Joi Ito, the current director of the Media Lab, quoted this phrase to a TED audience:
“The demo only has to work once because the primary mode of us impacting the world was through large companies being inspired by us and creating things like the Kindle or Lego Mindstorms. But today, with the ability of to deploy things into the real world at low cost, I’m changing the motto now. And this is official: deploy or die.”
What brought this to mind was my major takeaway from Ken Kocienda’s book Creative Selection, about his 15 years of experience designing and developing products at Apple. His major accomplishment at Apple was developing the keyboard for the iPhone. He provides a fascinating inside look at how a major feature comes to life at Apple. There was a lot of concern about the iPhone keyboard, actually more like fear that users just wouldn’t be able to type efficiently and accurately on the glass screen. Ken became the DRI – Directly Responsible Individual – for the iPhone keyboard through a bakeoff process amongst 14 other developers in the iPhone software group conducted by the departed VP of Software Development, Scott Forstall. The demo is the core modality of feature development at Apple. If you are in charge of a particular feature or function, like the keyboard, your first task is to create a demo to show what the feature would look like to a user. Once you have a demo that works to your satisfaction the next step is to show your demo to your teammates. You next incorporate that feedback and get ready for the weekly meeting with your manager to show him the demo.
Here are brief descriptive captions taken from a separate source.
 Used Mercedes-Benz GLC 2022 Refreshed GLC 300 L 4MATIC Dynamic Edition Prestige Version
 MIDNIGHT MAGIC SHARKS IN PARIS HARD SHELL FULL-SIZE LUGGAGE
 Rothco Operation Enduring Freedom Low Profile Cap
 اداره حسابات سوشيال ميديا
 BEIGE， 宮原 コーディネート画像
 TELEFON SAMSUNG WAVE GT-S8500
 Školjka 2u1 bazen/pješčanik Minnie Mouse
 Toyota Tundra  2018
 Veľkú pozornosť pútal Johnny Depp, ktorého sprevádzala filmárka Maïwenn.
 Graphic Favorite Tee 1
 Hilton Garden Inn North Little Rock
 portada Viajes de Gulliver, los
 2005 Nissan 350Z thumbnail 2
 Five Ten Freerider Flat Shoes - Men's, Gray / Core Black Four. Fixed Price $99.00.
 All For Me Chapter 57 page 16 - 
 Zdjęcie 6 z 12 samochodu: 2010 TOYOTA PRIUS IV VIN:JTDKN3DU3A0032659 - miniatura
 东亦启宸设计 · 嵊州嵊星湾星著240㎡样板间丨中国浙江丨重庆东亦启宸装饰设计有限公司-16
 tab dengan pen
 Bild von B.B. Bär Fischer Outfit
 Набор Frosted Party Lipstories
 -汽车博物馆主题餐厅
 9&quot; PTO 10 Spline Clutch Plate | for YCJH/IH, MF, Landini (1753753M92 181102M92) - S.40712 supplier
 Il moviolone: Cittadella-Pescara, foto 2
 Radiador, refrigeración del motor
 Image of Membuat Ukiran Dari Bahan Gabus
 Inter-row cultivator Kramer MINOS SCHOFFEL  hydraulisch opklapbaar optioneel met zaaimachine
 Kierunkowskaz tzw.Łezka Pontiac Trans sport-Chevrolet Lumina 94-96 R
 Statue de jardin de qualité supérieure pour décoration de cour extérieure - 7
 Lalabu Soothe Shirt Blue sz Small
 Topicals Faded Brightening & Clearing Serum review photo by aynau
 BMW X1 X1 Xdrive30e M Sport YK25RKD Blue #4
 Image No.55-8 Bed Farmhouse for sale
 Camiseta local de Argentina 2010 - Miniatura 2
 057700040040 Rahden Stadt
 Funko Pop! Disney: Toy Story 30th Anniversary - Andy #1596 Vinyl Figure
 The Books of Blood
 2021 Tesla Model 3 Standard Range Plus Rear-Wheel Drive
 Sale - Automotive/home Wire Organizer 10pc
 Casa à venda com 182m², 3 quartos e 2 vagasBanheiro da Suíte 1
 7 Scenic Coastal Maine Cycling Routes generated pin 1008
If it passes muster the demo goes right up the chain of command. Scott Forstall was the ultimate gate keeper to Steve Jobs. Only when Scott was satisfied that the demo represented the best way to implement a feature like the iPhone keyboard would he arrange a meeting with Jobs and other members of the executive team.
According to Kocienda, Apple was very focused on the concrete and tangible. Brainstorming sessions were extremely rare. Even white-boarding sessions were used primarily in a problem solving, not presentation mode. Engineers were largely left to their own devices to develop their demos uninterrupted by management.
So while Nicholas Negroponte’s demo or die was focused on his patrons, Apple’s demos were used to refine a feature until it’s ultimate green lighting by Steve Jobs. Only then would the engineer begin to turn the demo into actual functioning code.
Joi Ito plainly was highly influenced by Apple’s culture, as he said:
Less planning and more presence in the moment can accelerate innovation, he argues. Getting objects out into the real world is the point. Don’t be a futurist, he urges, be a “now-ist.”
This is great advice for founders. Along with get out of the office and talk to prospective customers it’s probably the second most important piece of advice – don’t leave your office without a demo.
The distance from a presentation to a demo is enormous. But starting to actually code before you have a demo that been subjected to both internal review and customer review is going to waste time and effort. Premature coding is more dangerous to a venture than premature fund raising.
So “demo or die” is a motto well worth bringing into your corporate culture. But it needs to be an integral part of the product development process, not a sidetrack to please marketing or impress investors. At Apple during Jobs’ and Kocienda’s time:
Demos were the catalyst for creative decisions. We found that the sooner we started making creative decisions … the more time there was to refine and improve those decisions, to backtrack if needed, to forge ahead if possible. Concrete and specific demos were the handholds and footholds that helped boost us up from the bottom of the conceptual valley so we could scale the heights of worthwhile work. Making a succession of demos was the core of the process of taking an idea from the intangible to the tangible.
There are many important milestones in the life of the startup but none is more important that turning your idea into demo, the mission critical step in product development, when your baby who has been gestating for months is finally born for the world to see.